Start of Block

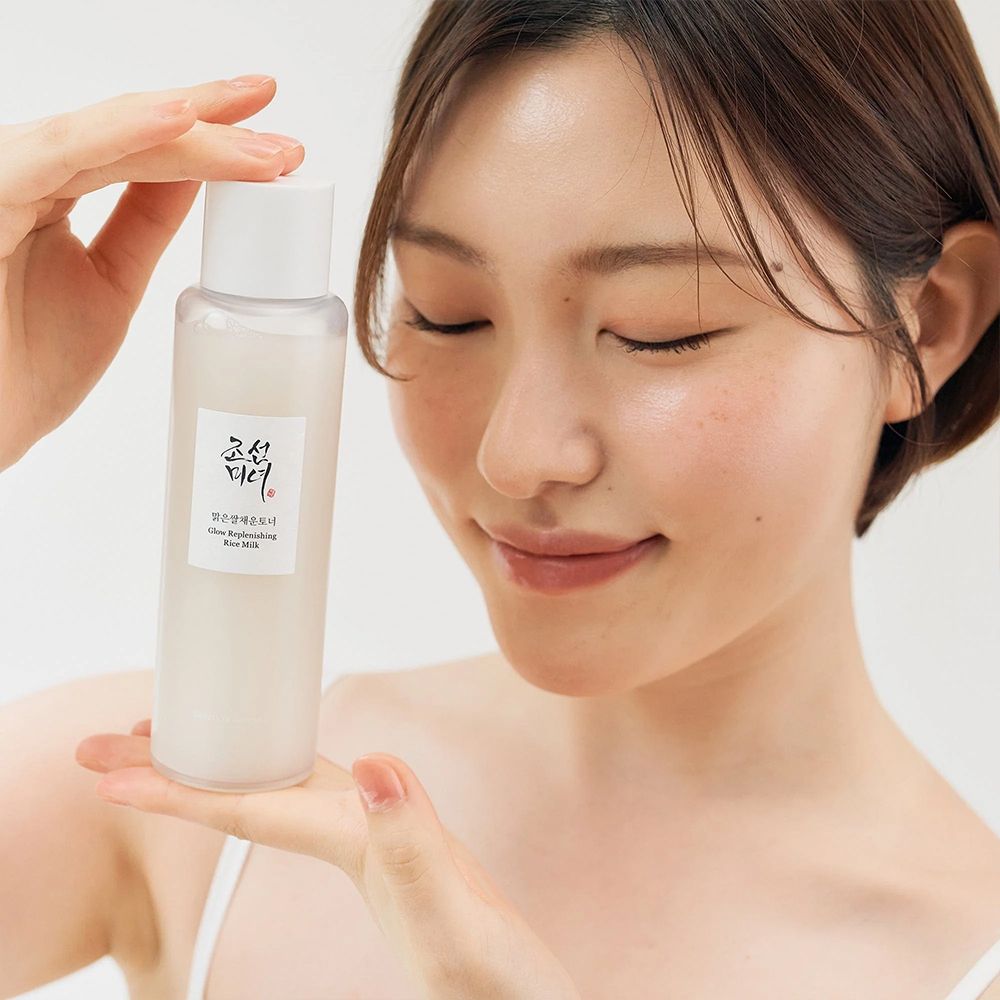 Een vrouw houdt een fles BEAUTY OF JOSEON Glow Replenishing Rice Milk vast.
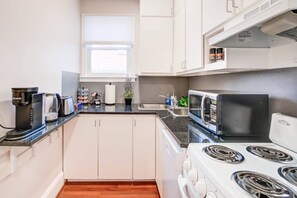 Create culinary delights in this cozy, fully equipped kitchen, nestled within a Heart of Old Town Alexandria apartment just steps from local food markets and dining treasures.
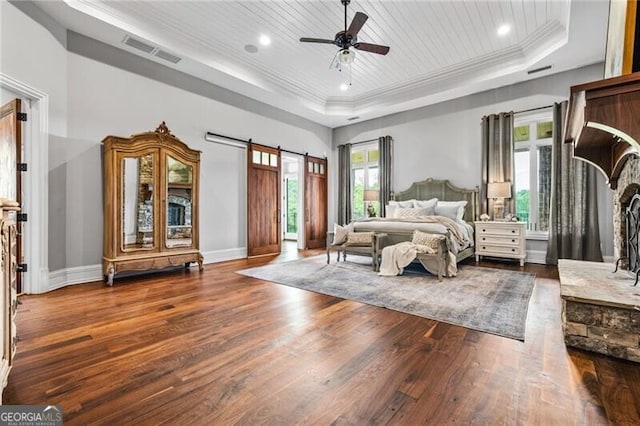 1101 N Flat Rock Rd, Douglasville, GA 30134 - bedroom with visible vents, hardwood / wood-style flooring, wooden ceiling, ornamental molding, and a tray ceiling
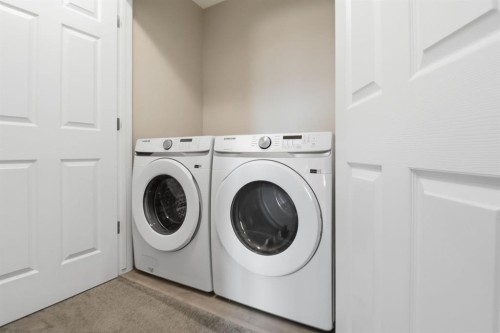 93 Cityline Square Ne, Calgary, AB - Indoor Photo Showing Laundry Room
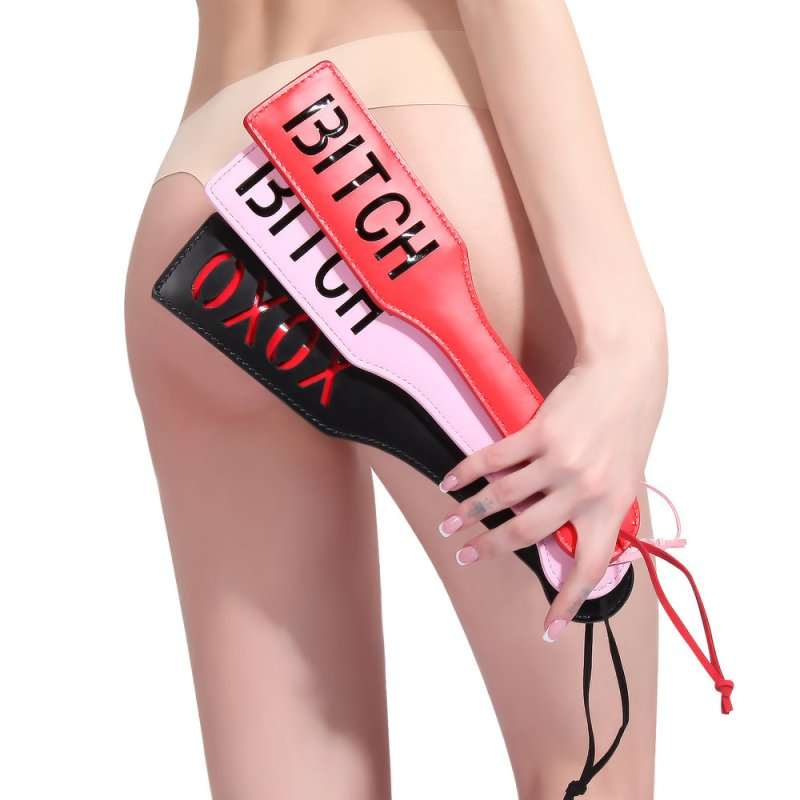 Spanking Fun BITCH Paddle i hvidt PVC, let og fleksibel til sjov og leg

End of Block

▶ [Exercise prompt] Without the pictures, write out the lines from the beginning of the entries through the line with "93 Cityline Square".

▶ [Written reply]
 Een vrouw houdt een fles BEAUTY OF JOSEON Glow Replenishing Rice Milk vast.
 Create culinary delights in this cozy, fully equipped kitchen, nestled within a Heart of Old Town Alexandria apartment just steps from local food markets and dining treasures.
 1101 N Flat Rock Rd, Douglasville, GA 30134 - bedroom with visible vents, hardwood / wood-style flooring, wooden ceiling, ornamental molding, and a tray ceiling
 93 Cityline Square Ne, Calgary, AB - Indoor Photo Showing Laundry Room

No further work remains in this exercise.